Although earnings are undoubtedly valuable for assessing company performance, we believe cash is king because you can’t use accounting profits to pay the bills.

JLL has shown poor cash profitability over the last two years, giving the company limited opportunities to return capital to shareholders. Its free cash flow margin averaged 3.2%, lousy for a consumer discretionary business.

JLL Trailing 12-Month Free Cash Flow Margin

JLL’s free cash flow clocked in at $934.6 million in Q4, equivalent to a 12.3% margin. This cash profitability was in line with the comparable period last year and above its two-year average.

9. Return on Invested Capital (ROIC)

EPS and free cash flow tell us whether a company was profitable while growing its revenue. But was it capital-efficient? A company’s ROIC explains this by showing how much operating profit it makes compared to the money it has raised (debt and equity).

JLL historically did a mediocre job investing in profitable growth initiatives. Its five-year average ROIC was 8.2%, somewhat low compared to the best consumer discretionary companies that consistently pump out 25%+.

JLL Trailing 12-Month Return On Invested Capital

We like to invest in businesses with high returns, but the trend in a company’s ROIC is what often surprises the market and moves the stock price. Unfortunately, JLL’s ROIC has stayed the same over the last few years. If the company wants to become an investable business, it must improve its returns by generating more profitable growth.

10. Balance Sheet Assessment

JLL reported $1.23 billion of cash and $1.85 billion of debt on its balance sheet in the most recent quarter. As investors in high-quality companies, we primarily focus on two things: 1) that a company’s debt level isn’t too high and 2) that its interest payments are not excessively burdening the business.

JLL Net Debt Position

With $1.45 billion of EBITDA over the last 12 months, we view JLL’s 0.4× net-debt-to-EBITDA ratio as safe. We also see its $70.9 million of annual interest expenses as appropriate. The company’s profits give it plenty of breathing room, allowing it to continue investing in growth initiatives.

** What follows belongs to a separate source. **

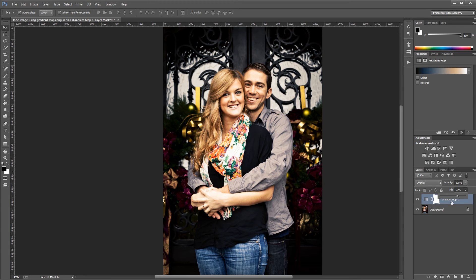If you want to experiment, you could also stack multiple gradient map adjustment layers on top of each other, and combine them using different blend modes and opacities. Gradient map adjustment layers are extremely easy to use and can quickly turn a regular color photo into something a lot more special. I'm John Shaver for Photoshop Video Academy. Thanks for watching. I'll see you next time.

11. Key Takeaways from JLL’s Q4 Results

It was good to see JLL beat analysts’ EPS expectations this quarter. We were also happy its EBITDA outperformed Wall Street’s estimates. Overall, we think this was a decent quarter with some key metrics above expectations. The stock traded up 3.5% to $297.00 immediately following the results.

12. Is Now The Time To Buy JLL?

Updated: February 18, 2026 at 7:45 AM EST

Are you wondering whether to buy JLL or pass? We urge investors to not only consider the latest earnings results but also longer-term business quality and valuation as well.

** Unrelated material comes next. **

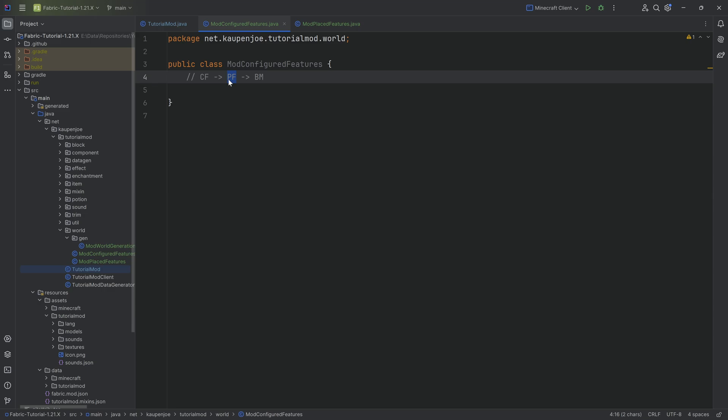Maybe we can think of it as an example of a tree. It's like how many trees are going to be placed next to each other? Are they going to be placed on top of each other? These questions on how am I going to place a configured feature, that's the placed features responsibility.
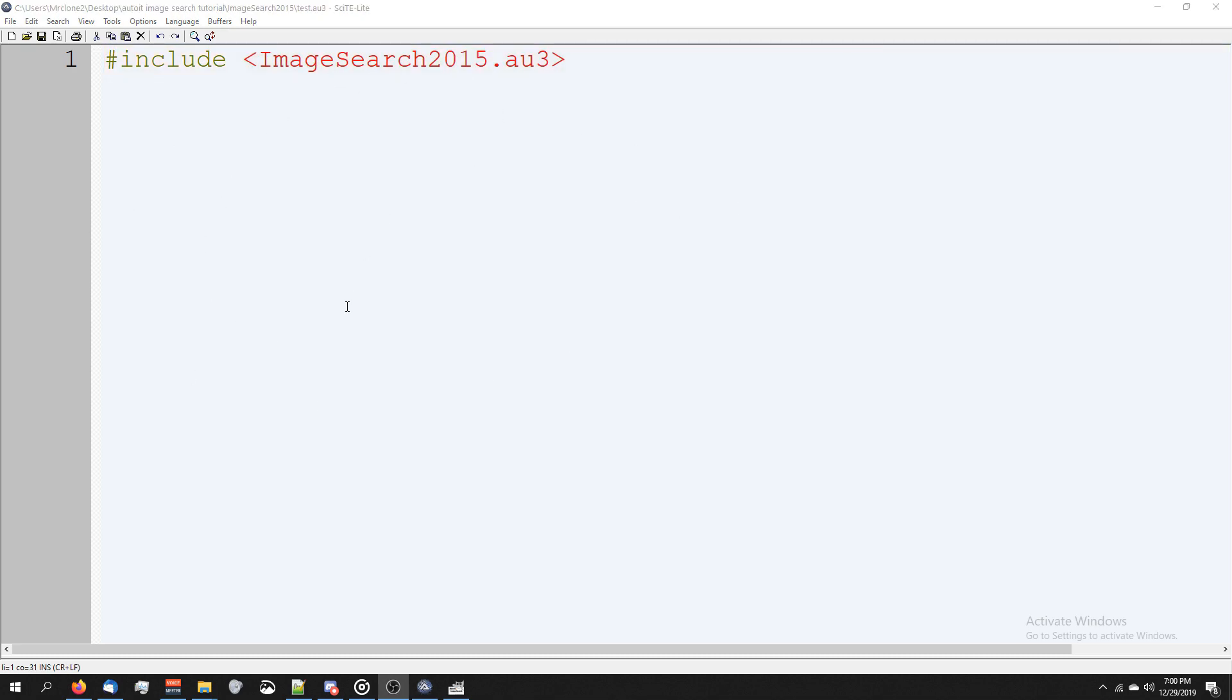The way the image search function works is we're going to call the function, it's going to check the screen to see if it finds a picture we define, and if it does, it's going to return a true or false as well as the coordinates for where it found it.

We see the value of companies helping consumers, but in the case of JLL, we’re out. On top of that, JLL’s weak EPS growth over the last five years shows it’s failed to produce meaningful profits for shareholders, and its projected EPS for the next year is lacking.

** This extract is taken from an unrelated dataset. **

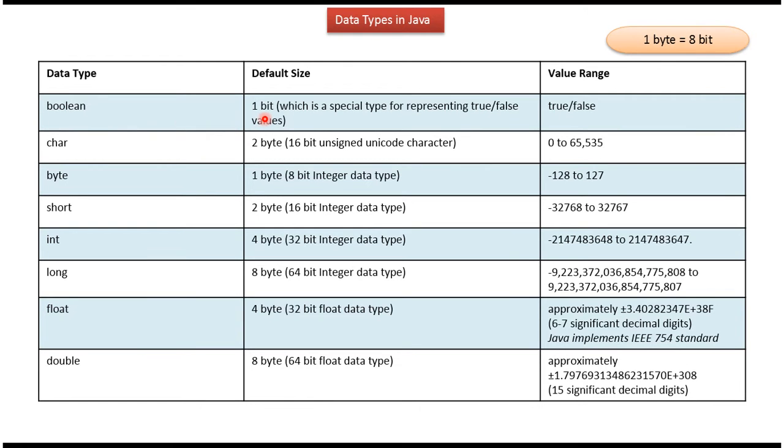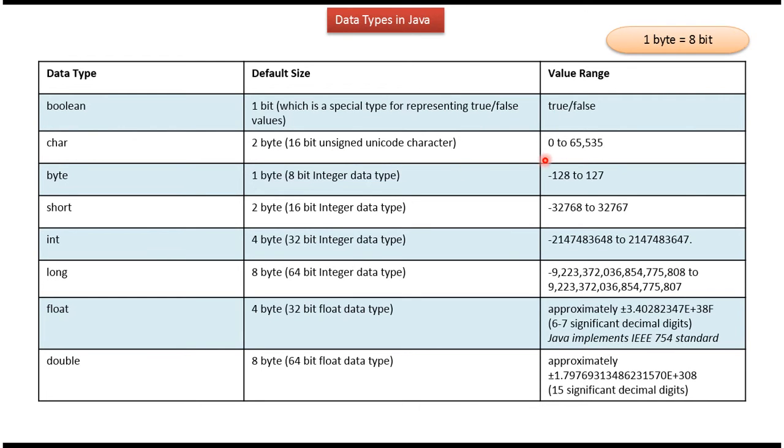Boolean is 1 bit and possible values are true or false. Character is 2 byte, which is 16 bit unsigned unicode character, and the range is 0 to 65,535.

JLL’s P/E ratio based on the next 12 months is 14x. This valuation is reasonable, but the company’s shaky fundamentals present too much downside risk. There are more exciting stocks to buy at the moment.

Wall Street analysts have a consensus one-year price target of $381 on the company (compared to the current share price of $297.00).

Although the price target is bullish, readers should exercise caution because analysts tend to be overly optimistic. The firms they work for, often big banks, have relationships with companies that extend into fundraising, M&A advisory, and other rewarding business lines. As a result, they typically hesitate to say bad things for fear they will lose out. We at StockStory do not suffer from such conflicts of interest, so we’ll always tell it like it is.